■ Data:
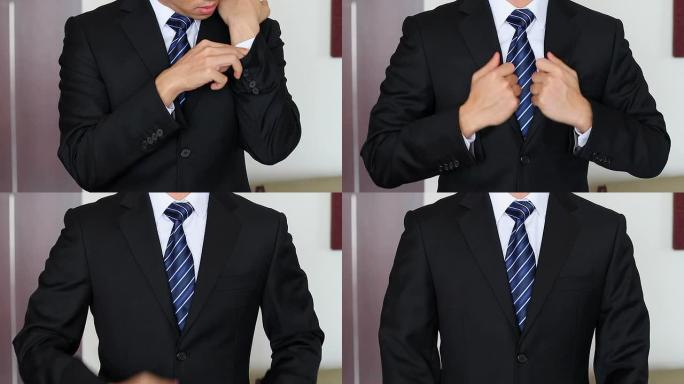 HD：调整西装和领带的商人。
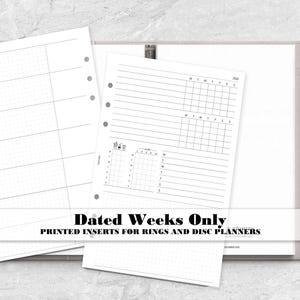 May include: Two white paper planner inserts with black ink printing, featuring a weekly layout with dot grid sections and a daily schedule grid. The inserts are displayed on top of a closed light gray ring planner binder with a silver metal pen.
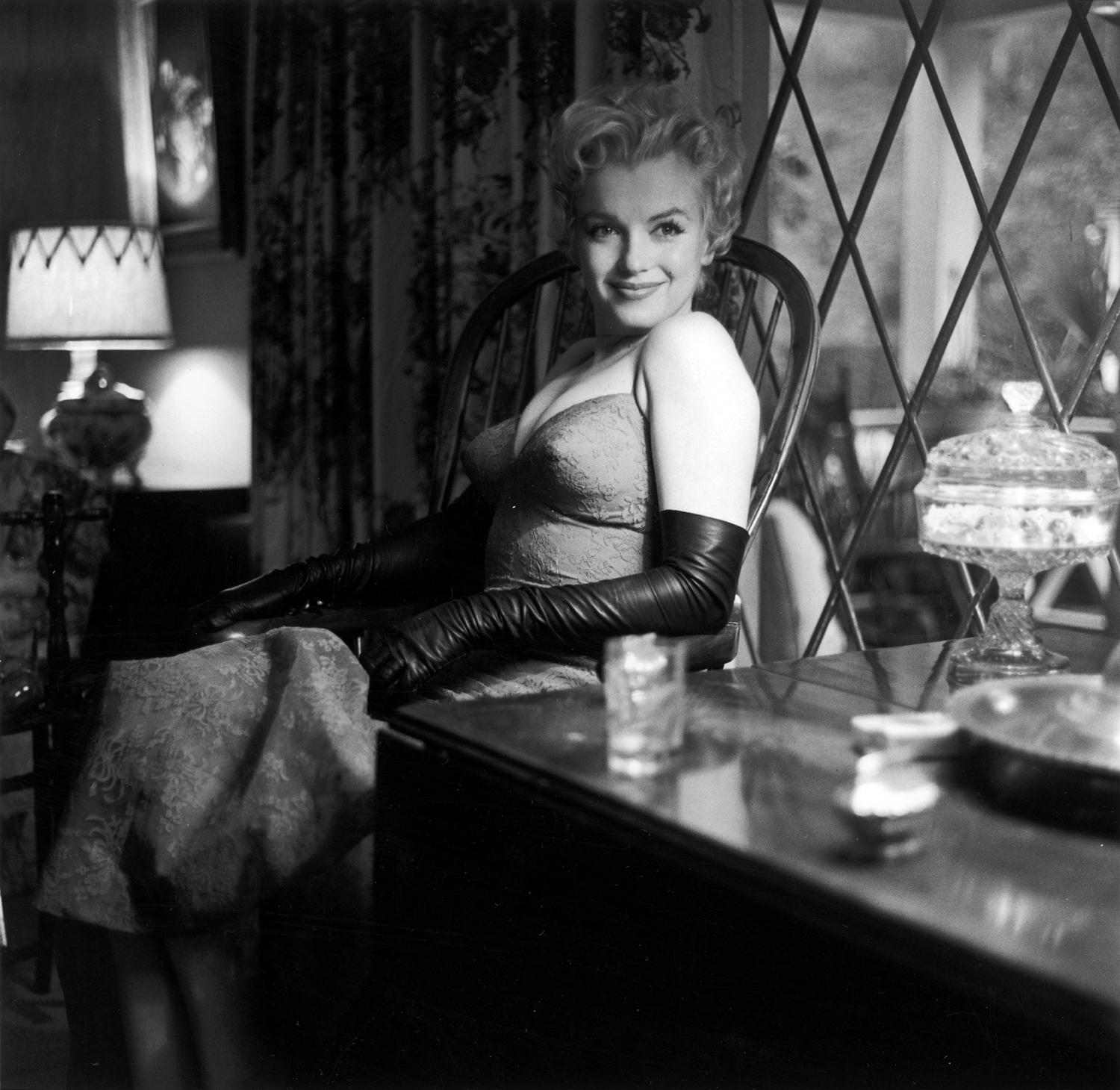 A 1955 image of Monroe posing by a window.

■ How to complete this task: Whenever you reach a picture, pass over it; print all the other material exactly.

■ Response area:
 HD：调整西装和领带的商人。
 May include: Two white paper planner inserts with black ink printing, featuring a weekly layout with dot grid sections and a daily schedule grid. The inserts are displayed on top of a closed light gray ring planner binder with a silver metal pen.
 A 1955 image of Monroe posing by a window.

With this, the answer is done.